Radio news editor devoted to his 'craft'
Monday 19 September 2005
Denis Phelps, radio news editor: born Wellington, New Zealand 22 June 1943; died Wellington 9 September 2005.
From the confines of his wheelchair, Denis Phelps, trainer and associate of scores of news journalists and producers who became widely known in BBC and other media in Britain, worked for Radio New Zealand News for 35 years. Such people as Tony Reid, of Hard Talk, Tama Muru of Extra Time, the one-time Radio 4 reporter - and later Hollywood scriptwriter - Gavin Scott and Caroline Howie, until recently Head of News for BBC World TV, all have reason to remember this remarkable man from inside the news. Yet Phelps's role as bulletin editor for most of that time would not - to a world dazzled by rank, promotion and salary - have appeared spectacular or influential.
Indeed, the news editor in any medium, but perhaps particularly radio, has the most invisible of tasks, situated as it is in an amorphous territory between the very public writer and the equally public presenter.
Phelps, however, saw the role of bulletin editor as a high, and crucial, calling. He talked often of the craft of subbing - the crafting of material from a dozen sources (in often frenzied newsrooms) - into a tailored bulletin, timed to the second to suit the reading speed of each of his newsreaders. "OK to go." He spoke of the need for balance in a bulletin and in radio's presentation of the news. As importantly, perhaps, he talked of, and taught many who worked with him, the sense of the spread of radio news throughout a day or a week, in order to give newsbite-hungry listeners as well as the serious news analyst a fair representation of what was happening in the world.
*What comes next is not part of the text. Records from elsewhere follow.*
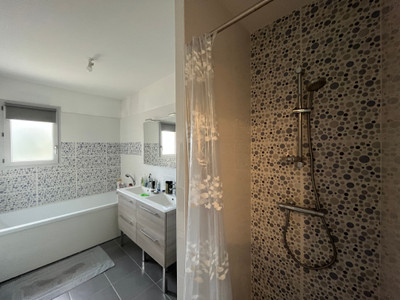 French property for sale in Dignac, Charente - €270,000 - photo 6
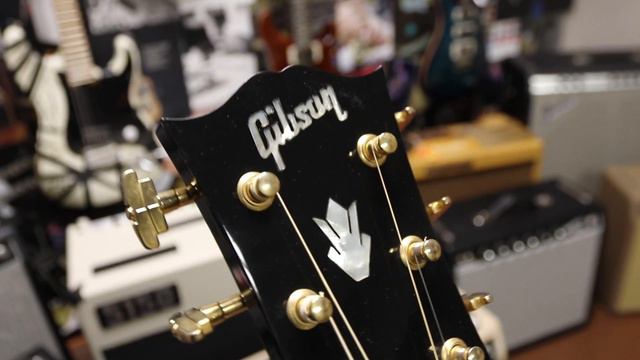 Gibson Custom Shop Dove Ebony- Circle Music Center Demo смотреть онлайн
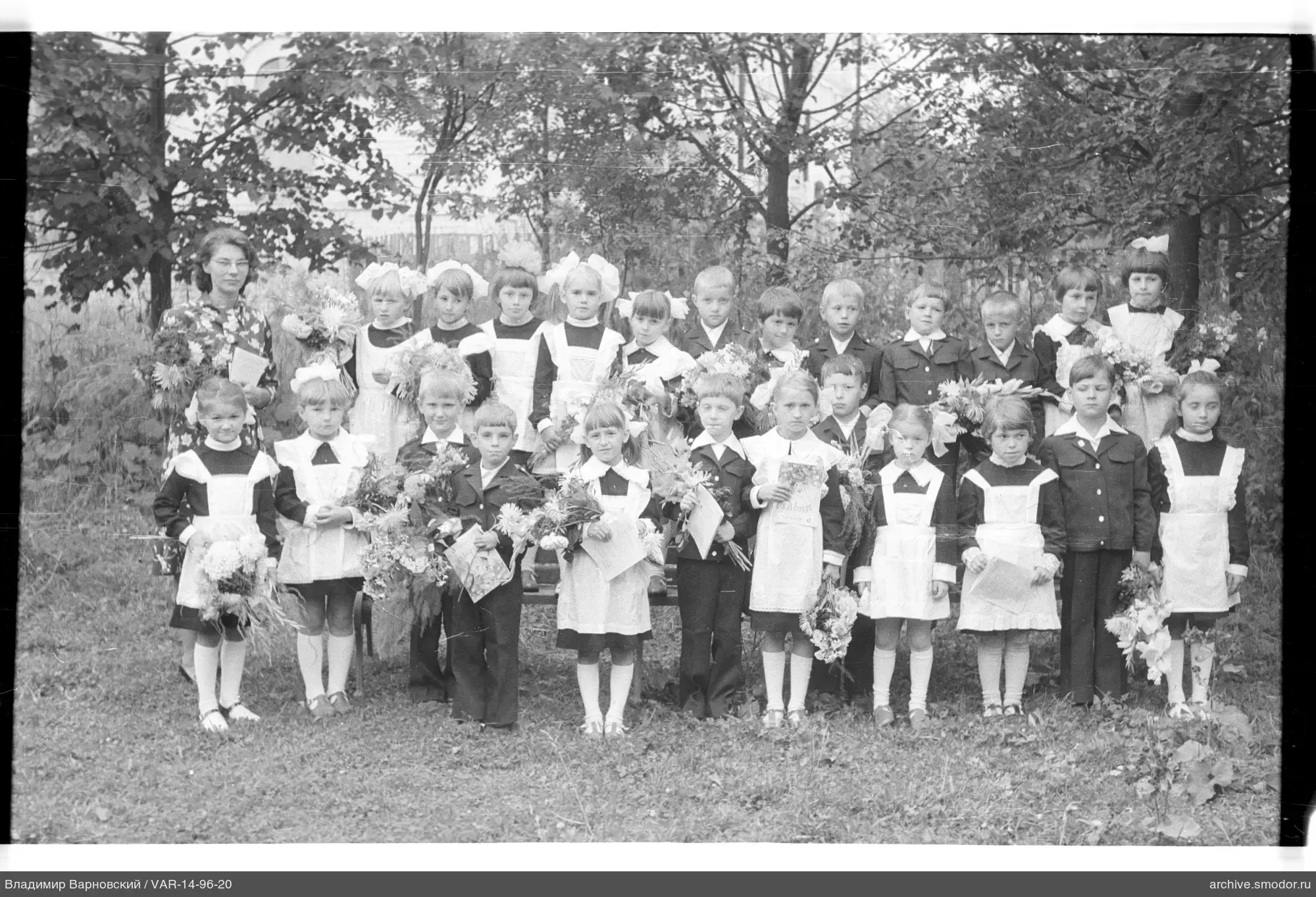 Gruppenporträt von Kindern und Frau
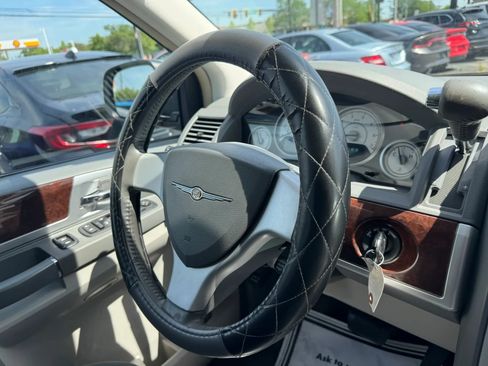 Used 2010 Chrysler Town & Country Touring w/ Family Value Group FWD image 26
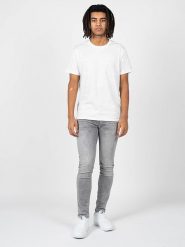 Pepe Jeans T-shirt "Saschate" | PM508544 | Saschate | Mężczyzna | Biały. Białe t-shirty męskie Pepe Jeans, m, bez wzorów, z bawełny, bez kołnierzyka. W wyprzedaży za 109.00 zł.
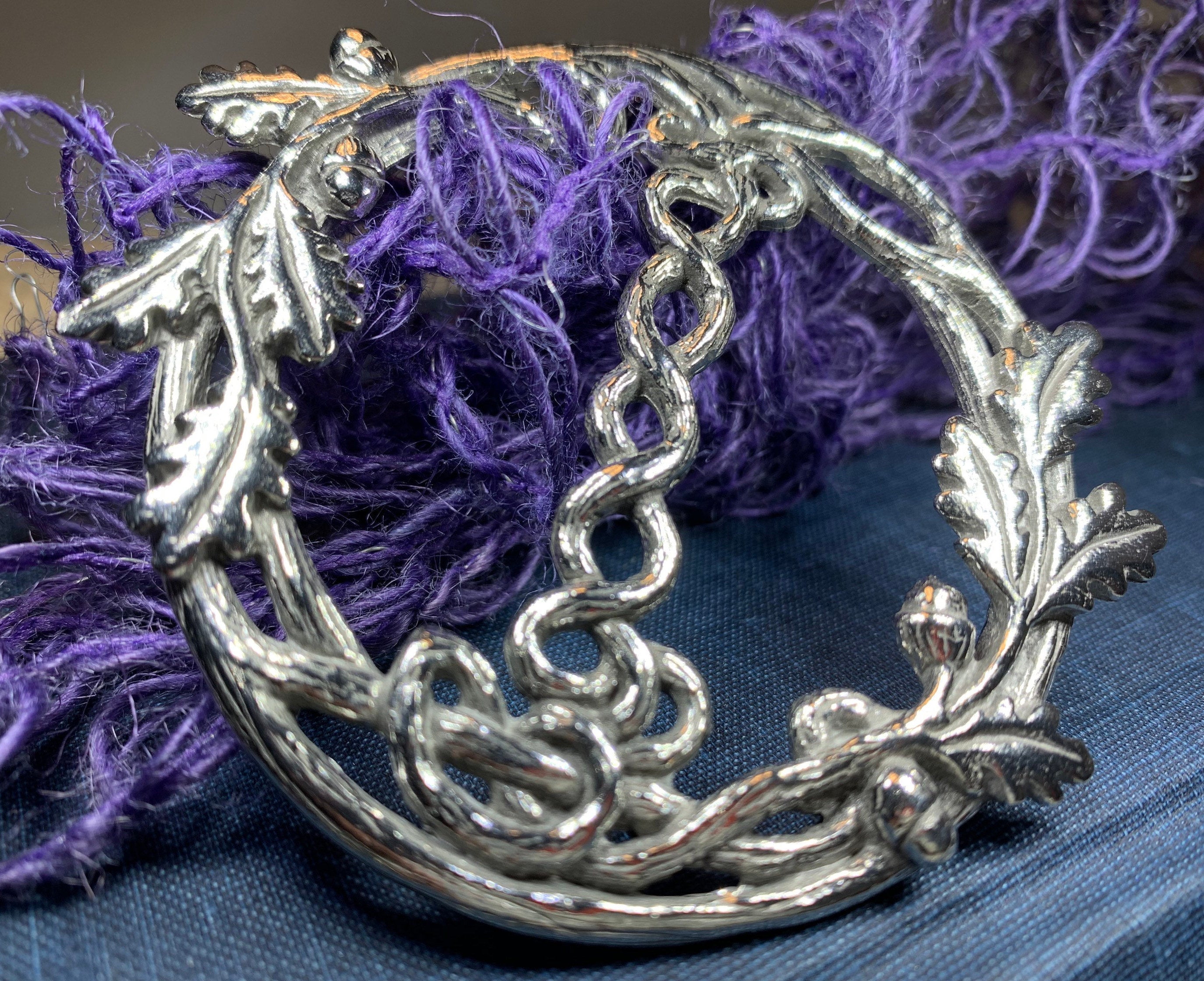 Pewter Oak Leaf & Acorn Scarf Ring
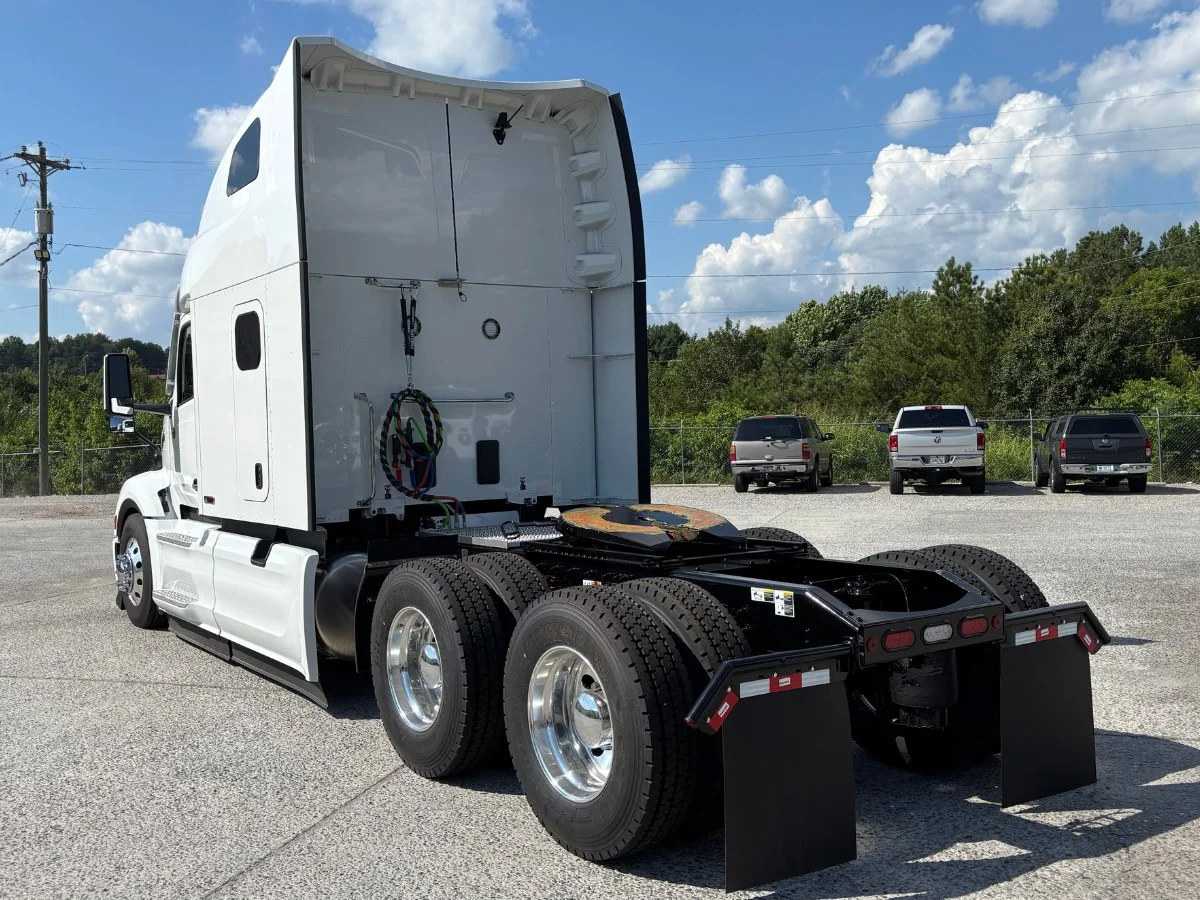 2027 Peterbilt 579 in Ringgold, GA — photo 12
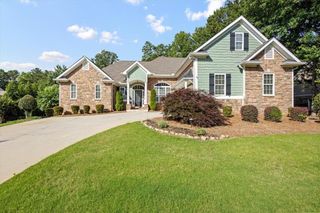 301 Fallstone Path, Mcdonough, GA 30253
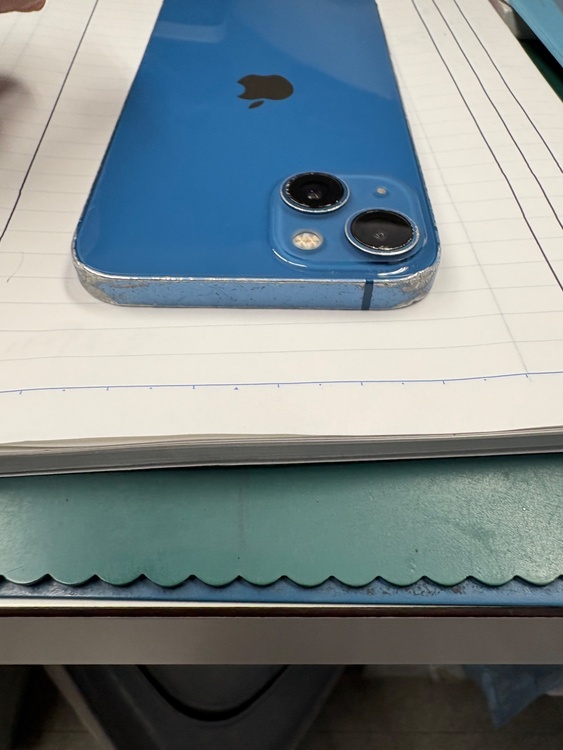 iPhone 13 128GB 楽天モバイル（スマホ）の商品画像 - 査定依頼日：2026年3月29日 - 最高査定価格：31,000円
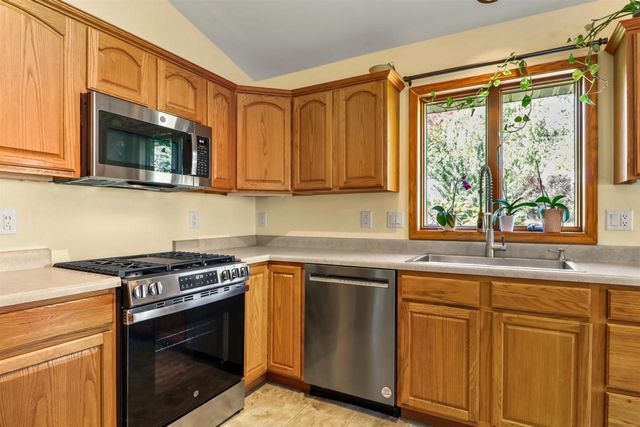 2338 Quartz Lane, Madison, WI 53719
Like the true radio sub, he was the coalface arbiter of what the world should know and how they should be told.
Some thought Phelps, with his sharp intellect, extraordinarily broad knowledge, subtle analysis of human and world affairs, would have made a good judge. Possibly he had that thought too. However, there was no lift to take him to the law department of his local university when he went to enrol, so he studied politics instead on the ground floor.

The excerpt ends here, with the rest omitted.